WHAT YOU ARE ASKED TO DO
Only the lines from the start of the entries through the line with "100PCS Whale Shaped" should be returned, each exactly as it stands, and no pictures.

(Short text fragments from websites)
┌──

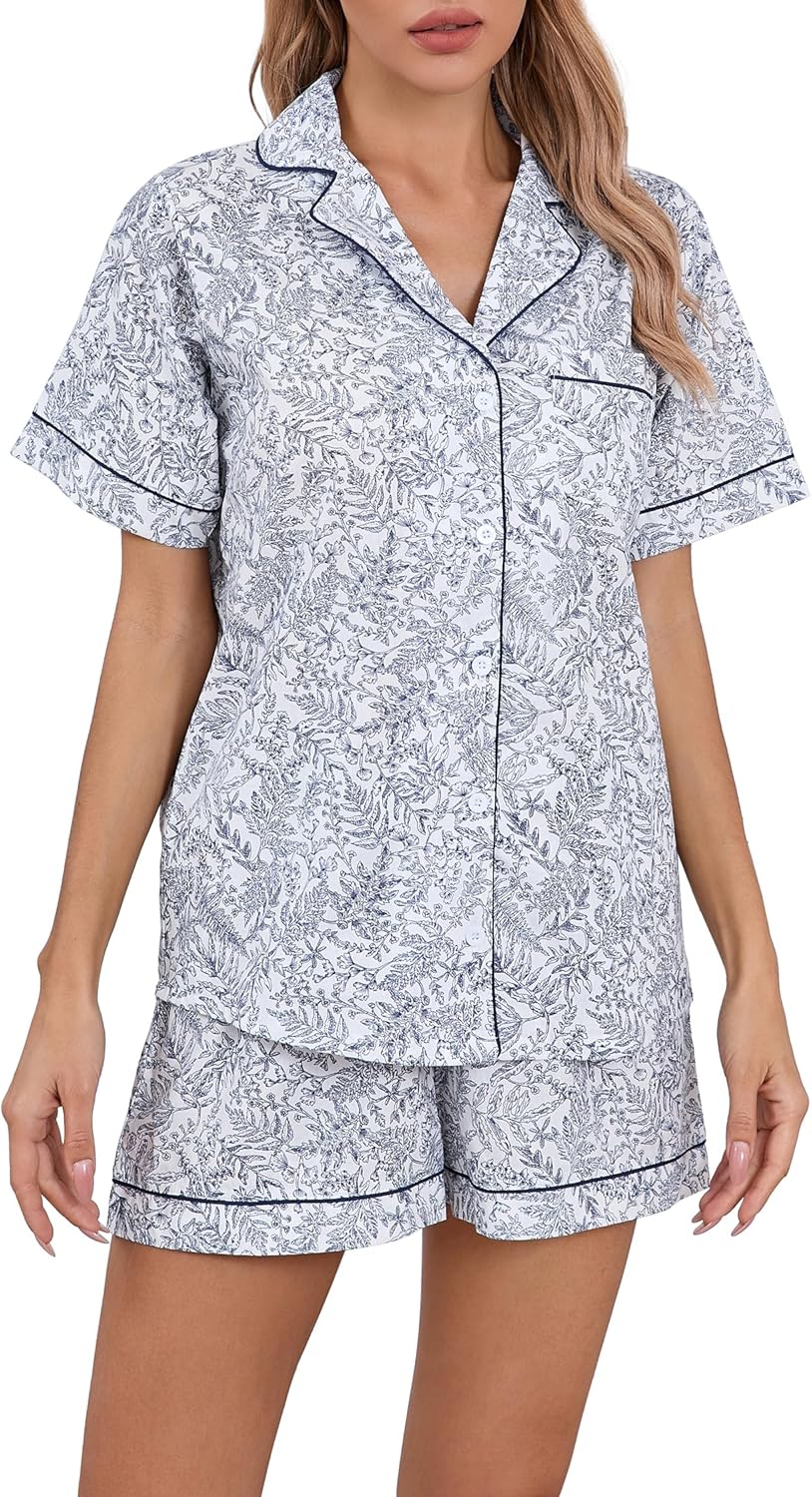 LUBOT 100% Cotton Pajamas for Women - Summer Sleepwear Set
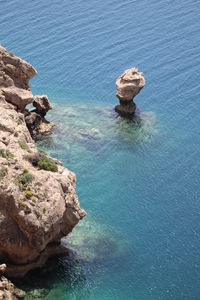 High angle view of rock formation in sea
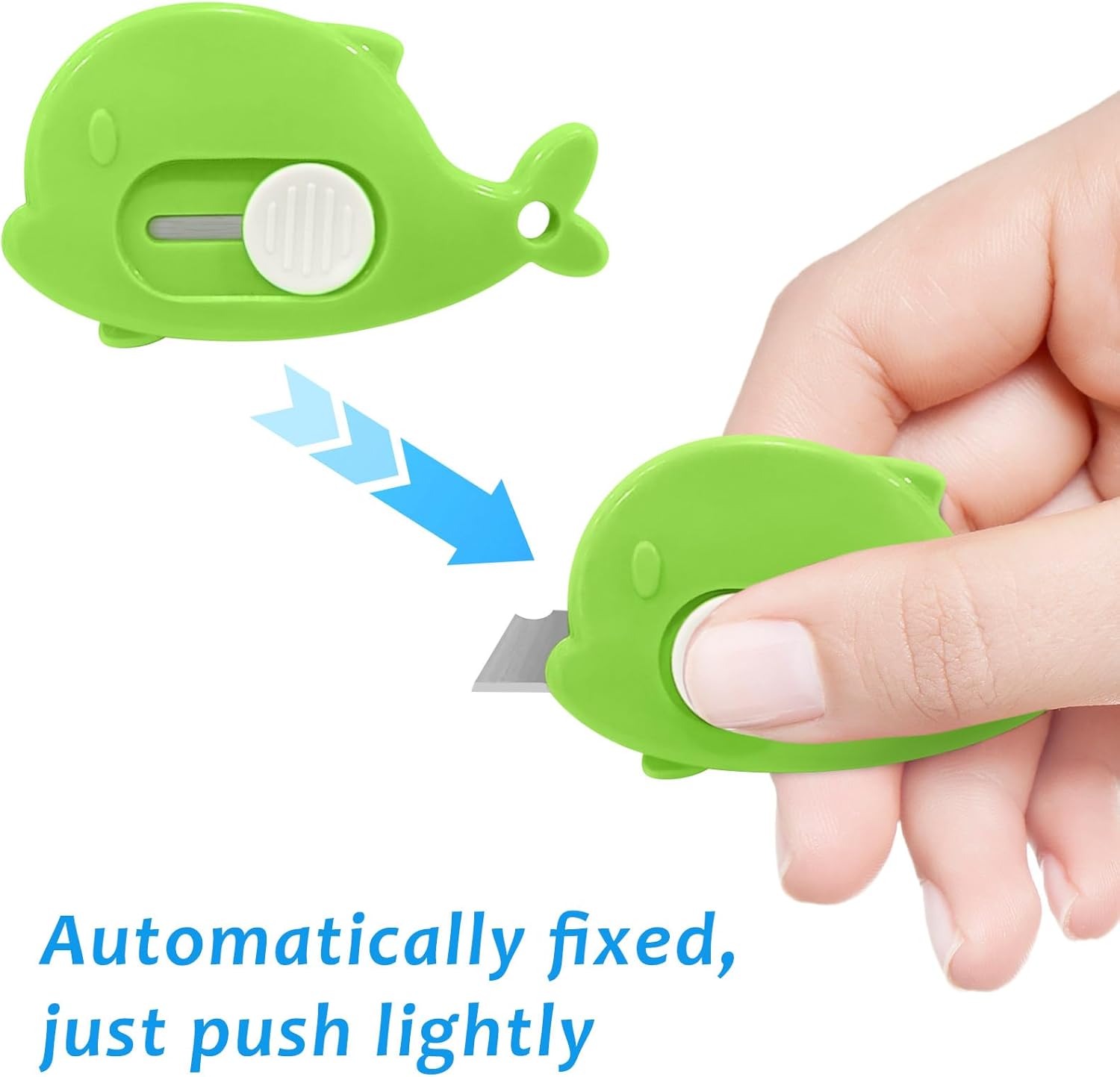 100PCS Whale Shaped Mini Utility Knives Retractable Box Cutters in 6 Colors (Orange, Green, Yellow, Blue, Mint, Pink) for Office, Crafts & Daily Use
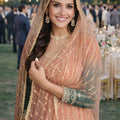 Elegant Peach and Green Embroidered Georgette Sharara Suit with Dupatta for Wedding
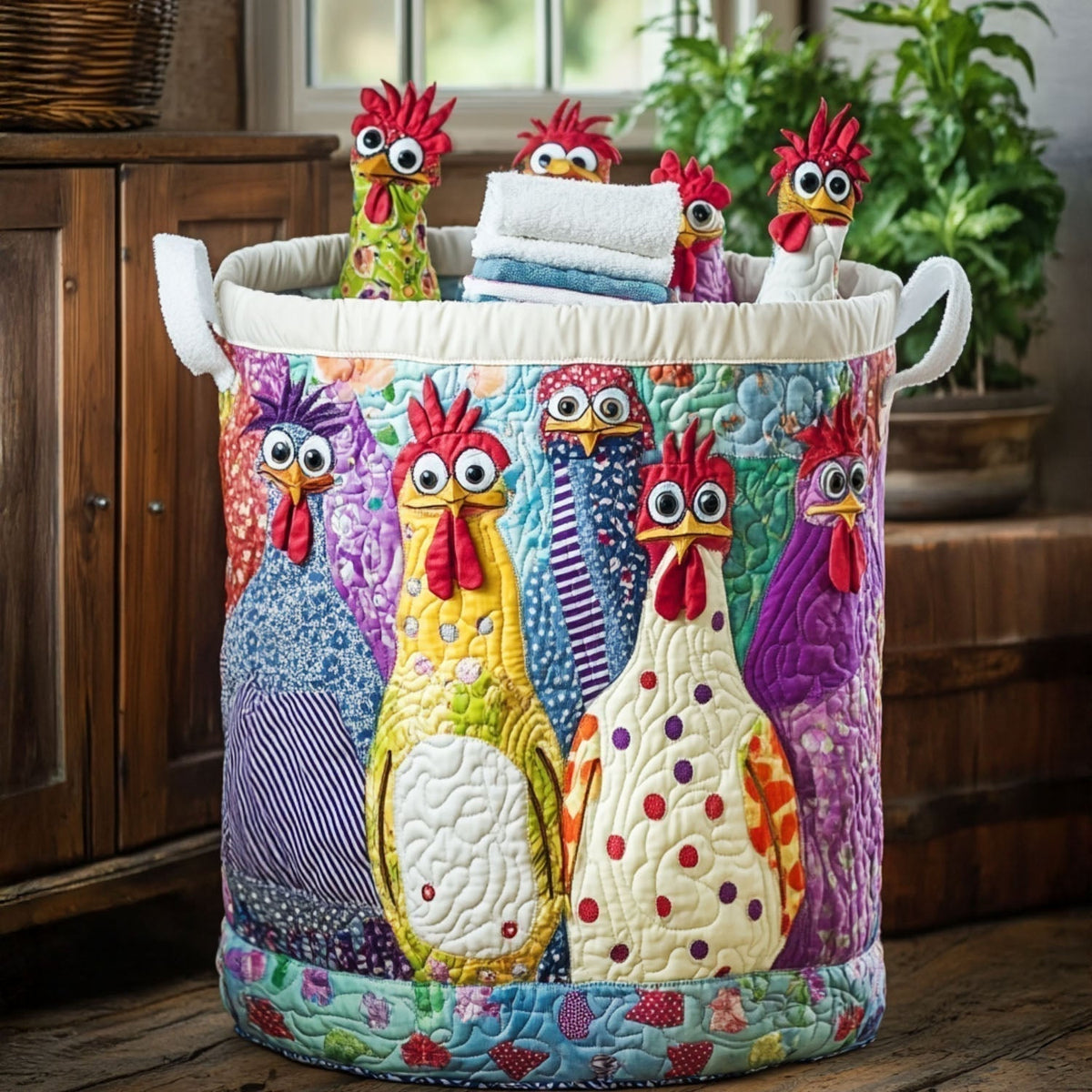 Gallina de Granja | Cesto de Almacenaje Acolchado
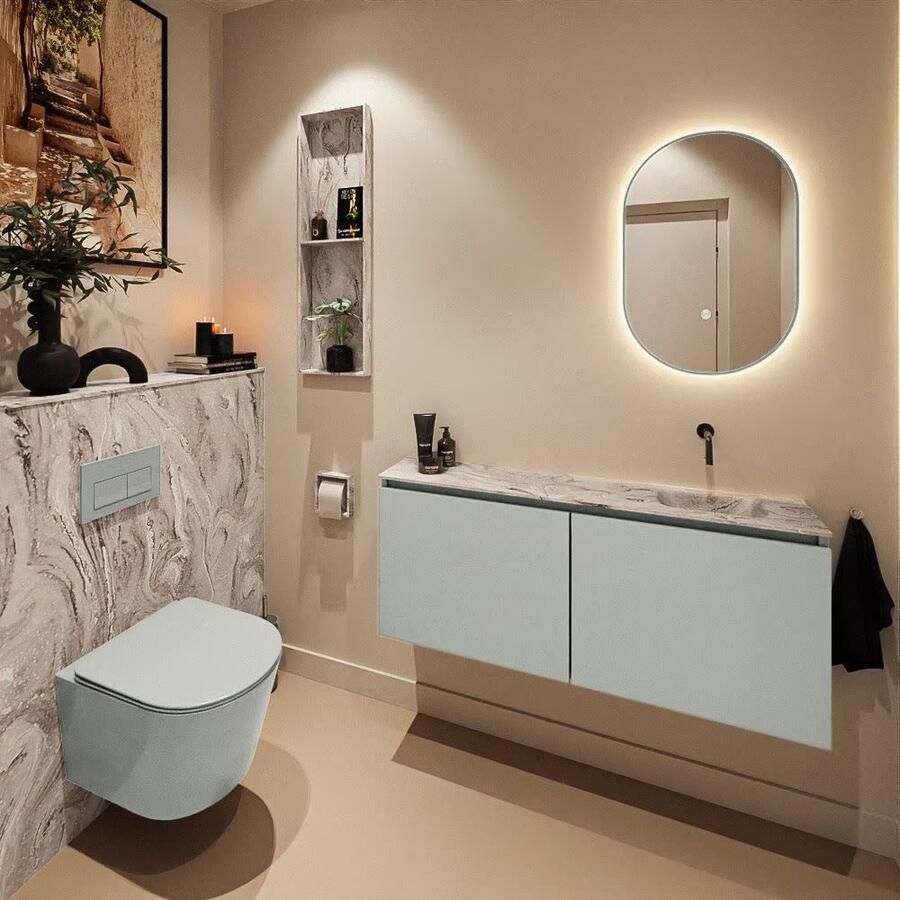 Mondiaz Toiletmeubel Ture Dlux | 120 cm | Meubelkleur Greey | Eden wastafel Glace Rechts | Zonder kraangat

└──

TASK OUTPUT
 LUBOT 100% Cotton Pajamas for Women - Summer Sleepwear Set
 High angle view of rock formation in sea
 100PCS Whale Shaped Mini Utility Knives Retractable Box Cutters in 6 Colors (Orange, Green, Yellow, Blue, Mint, Pink) for Office, Crafts & Daily Use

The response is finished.